We have all seen those videos on the internet of people finding snakes in their toilets. As if it is not petrifying enough coming into contact with them in the wild, they are now finding a way into your home.

Does it really happen?

The truth is, those videos are depicting real situations. Even though it does not happen very often, critters can make their way into your home by crawling through your plumbing. Rats are most often the creature that will end up in your toilet, but snakes can just as easily surprise you in the middle of the night.

How does it happen?

Most homes have multiple stack pipes that run into your home. They are connected to the sewer drain system. They have vents that allow sewer gases to escape. They are also connected to the drains in the house allowing the toilet, dishwasher and washing machine to drain. While these are in use, it is not a hospitable environment. However, they are dry much of the time. Even the water draining from a shower is not enough to wash them away. This allows snakes to use them as a conduit into your home. Luckily, most drains have a grate over it that prevents these creatures from getting into your home. Your shower grate doesn’t only prevent hair from clogging the drain. It also prevents rats and snakes from joining you.

The good news

You might be surprised to hear there is some good news. Most venomous snakes are too large to fit through your plumbing. This means the snakes that use this method are usually harmless. This is not always the case, but your chances of encountering a python in the shower are not very big.

How to keep them out

  • As previously mentioned, placing a grate over your drains can keep creatures from using it as an exit. 
  • You can install a multi-flap to the sewer pipe of your toilet. This allows the water to exit one way while preventing anything from entering from the other side. 
  • You can place a screen over the vent on your roof. You shouldn’t close the vents completely, but a screen will allow gases to escape while keeping snakes from entering. 
  • If you have an older system and still make use of a septic tank, you need to make sure that the lid is secured tightly. It is possible that it was not replaced properly when the tank was emptied. 
  • The best way to ensure that you do not use the toilet while there is a snake occupying it is to lift the seat and check underneath. It may be a laborious process, but it could save you from many sleepless nights.

Trapping the snake

If you have a snake on the loose in your home, you can purchase a snake trap. It comes pre-baited, and all you need to do is pour some oil on the snake to release it.

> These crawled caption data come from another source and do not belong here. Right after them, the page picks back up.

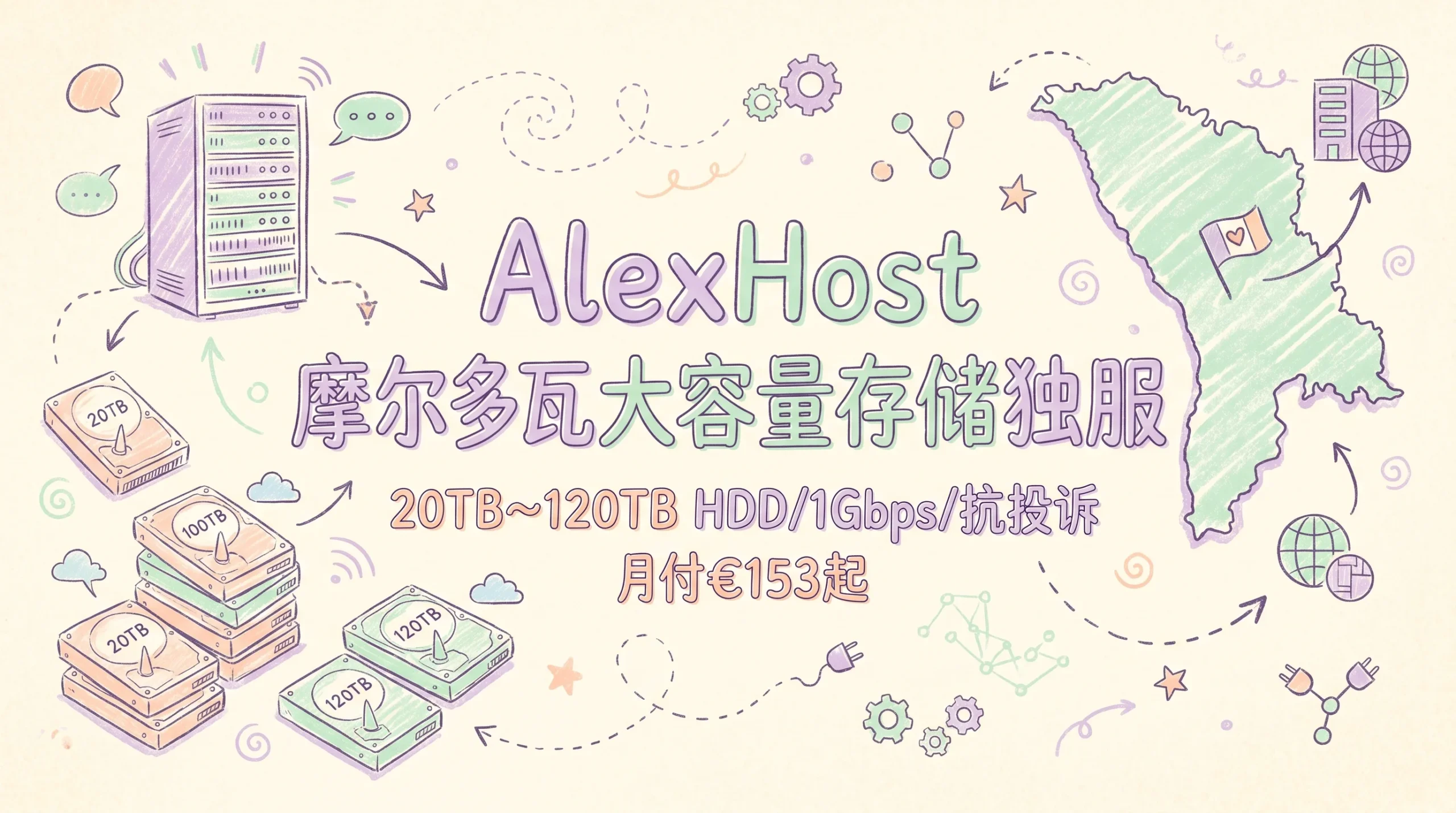 AlexHost 摩尔多瓦大容量存储独服，20TB~120TB HDD/1Gbps/抗投诉，月付€153起优惠促销主机格调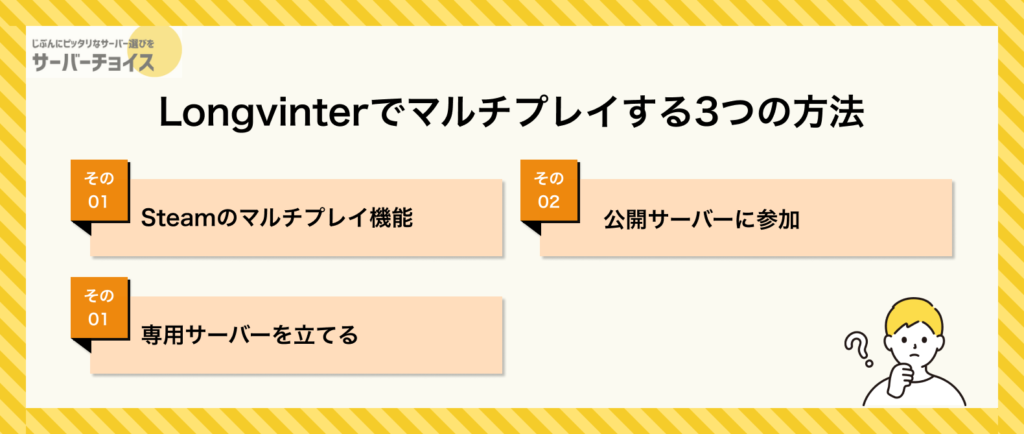Longvinterでマルチプレイする3つの方法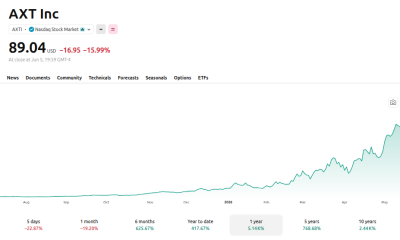 AXT Inc. (AXTI) Price Performance - 1 Year. Source: TradingView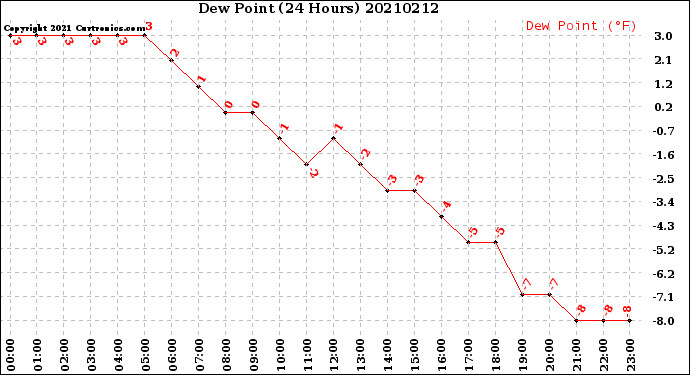Milwaukee Weather Dew Point<br>(24 Hours)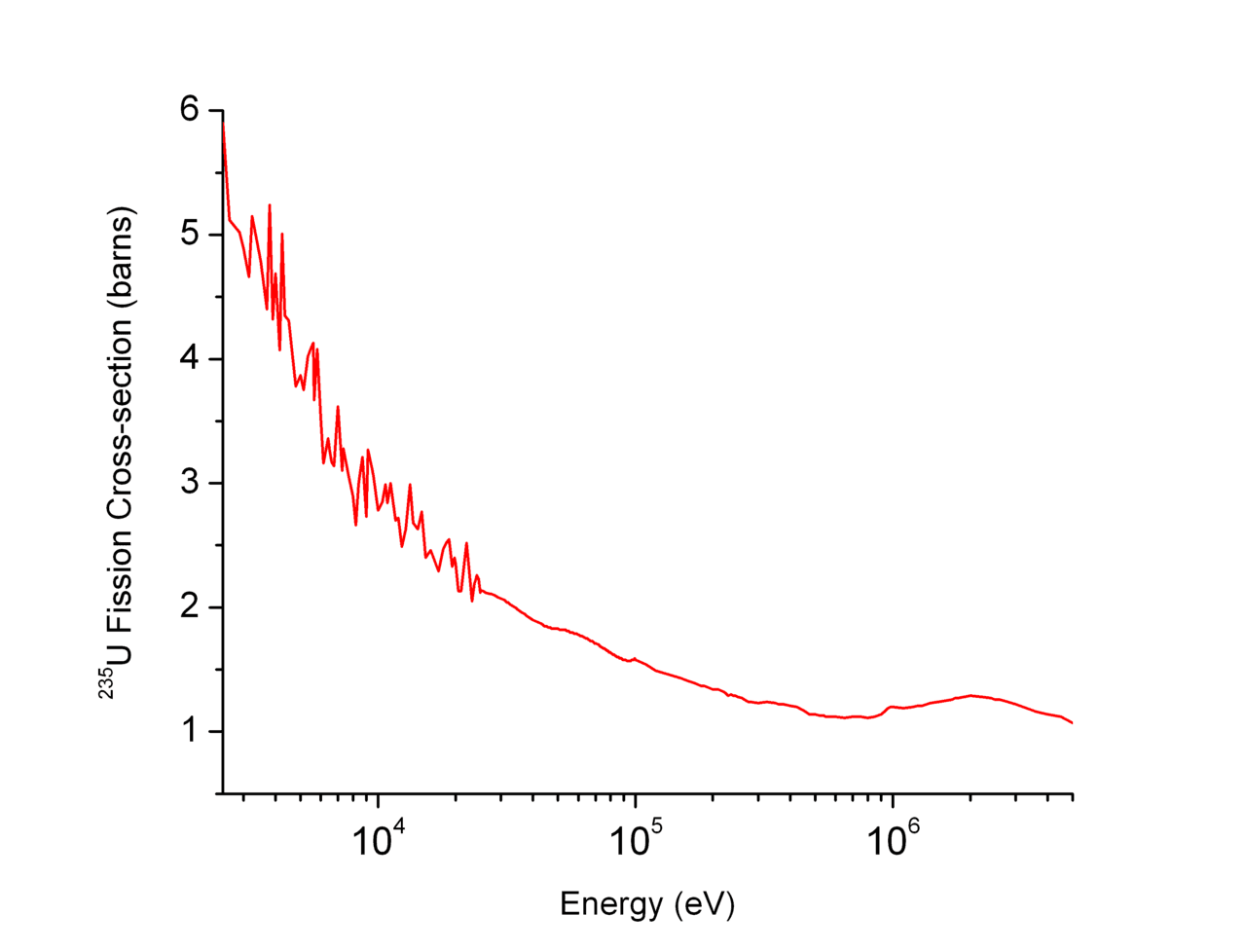 The fission of a uranium-235 nucleus: capture a neutron, distort, split into two daughter nuclei plus more neutrons, release ~200 million electronvolts of energy. The interpretation, worked out in Kungälv in 1938, has not changed.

Can snakes get into your house through the toilet or plumbing?

In a word, yes, snakes can get into your house through the toilet or plumbing. What most homeowners aren’t aware of is that many of the pipes that lead in and out of your home aren’t filled with water all of the time. There are times when those pipes will be bare, thus providing the perfect solution for a passing snake to slither right in. Nine times out of ten, that snake will be looking for food, so there is a chance that you have a mouse or rat infestation in your property too. If you don’t already, it will only be a matter of time. If a snake manages to get inside your home, mice and rats definitely will be able to before long. They need the smallest holes to squeeze through and only the fraction of a hole that even a small snake would require.

The thought of a snake being in your bathroom at all should fill you with dread, but to be in your toilet, sink, or bath/shower is a frightening prospect. Fortunately, the chances of this happening are quite slim. There are plenty of other ways for a snake to get into your home without needing to resort to pipes, although they are there and it is wise for you to remember that when animal-proofing your home.

The process that a snake would need to go through to get into your home would be quite a long one, and although most snakes can swim, it’s unlikely that a snake would head for a smaller pipe, rather than an exit to freedom.